Just a hunch, could you up the max locked memory (-l)?

healytwin1 commented 9 months ago

It is the same as what is on ilifu, where I have no problems running ddcal. The only other thing that is different is that on ilifu I am using python 3.8.3 and on the meergas cluster it is 3.8.13.

KshitijT commented 8 months ago

Might this be due to limits via /proc/sys/fs/file-max ? Dane mentioned this is 8192 for meergas cluster. @o-smirnov what do you think?

o-smirnov commented 8 months ago

Yes that's exactly it. The SSD method loves to open a huge amount of shared memory files. Can the admin increase the limit?

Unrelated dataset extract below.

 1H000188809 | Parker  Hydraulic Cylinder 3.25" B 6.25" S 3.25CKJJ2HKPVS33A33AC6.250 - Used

KshitijT commented 8 months ago

Yes that's exactly it. The SSD method loves to open a huge amount of shared memory files. Can the admin increase the limit?

pinging @healytwin1 and @dane-kleiner .

healytwin1 commented 7 months ago

This is now sorted with the update to one of the /proc/ files on the cluster. It was a cluster issue not a ddfacet issue.